Matt Lewis, writing on the Daily Caller Web site, has a post with this startling title: “The bad economy won’t elect Mitt Romney.” He says:
Mitt Romney’s campaign is not “doomed,” but it is in is in deep trouble. As I’ve learned, some people don’t want to hear this — but ignoring the problem won’t make it go away.
There are many factors, but the most costly error might have been the mistaken notion that a bad economy would automatically make it impossible for Barack Obama to win...Overcoming this false premise is just one of the problems that must be faced.
Erick Erickson similarly asks whether the Romney camp is facing up to the depth of its troubles.
As you know, I agree with Lewis on this; I’ve repeatedly argued that there are a number of reasons to question the basic driving assumption he identifies. This race could still tip either way, but if Romney does lose, this will be a key reason why.
If you doubt Lewis’s point that this is the strategic premise of Romney’s campaign, look no further than the recent Romney campaign memo for confirmation. “The reality of the Obama economy will reassert itself as the ultimate downfall of the Obama Presidency,” it said. Given the economy, Obama simply can't win. Voters have decided he’s a complete failure; it’s only a matter of time until they come to their senses and support Mitt. Period, full stop.
Lewis argues that Romney must overcome this false premise in order to win. And in truth, it does explain much of the Romney campaign’s behavior: The failure to offer a clear enough substantive alternative at the convention; the continued refusal to detail his policies, even under intense criticism; the blind faith that this will play out as the 1980 race did; the notion that disappointed Obama voters are only sticking with him for symbolic or emotional reasons, and that Republicans just have to persuade them to “break up” with him to win. Why offer specificity if the economy makes it inevitable these voters will eventually “break up”with Obama and that he will lose?
The news that the Romney campaign is, in a strategic shift, going to get far more specific in the days ahead needs to be looked at in this context. Explaining the shift, one Romney adviser told CNN’s Peter Hamby:
A Romney campaign official acknowledged to CNN that Romney has not done enough to give voters a sense of what he would do if elected .“Polling shows that voters recognize that Gov.

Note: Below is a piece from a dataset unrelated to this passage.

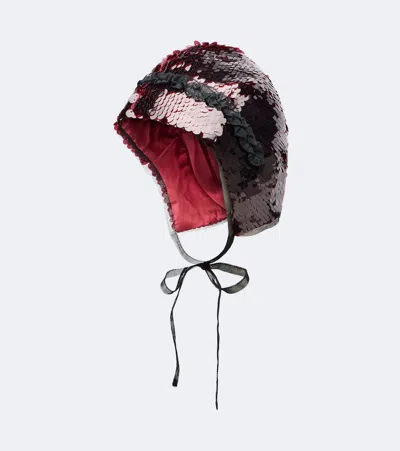 Simone Rocha Sequined Tulle-trimmed Hood In Pink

Romney has a plan, but they want more details,” said the official...
The question, though, is whether the campaign will actually be more specific about Romney’s policies, or whether it is just saying it will be to quiet criticism. If new specifics are actually forthcoming, it may well mean Team Romney has rethought the basic premise of his campaign. If not, it may mean that it hasn’t changed its theory of the race at all. And it’s good to hear at least one conservative writer taking note of the problem.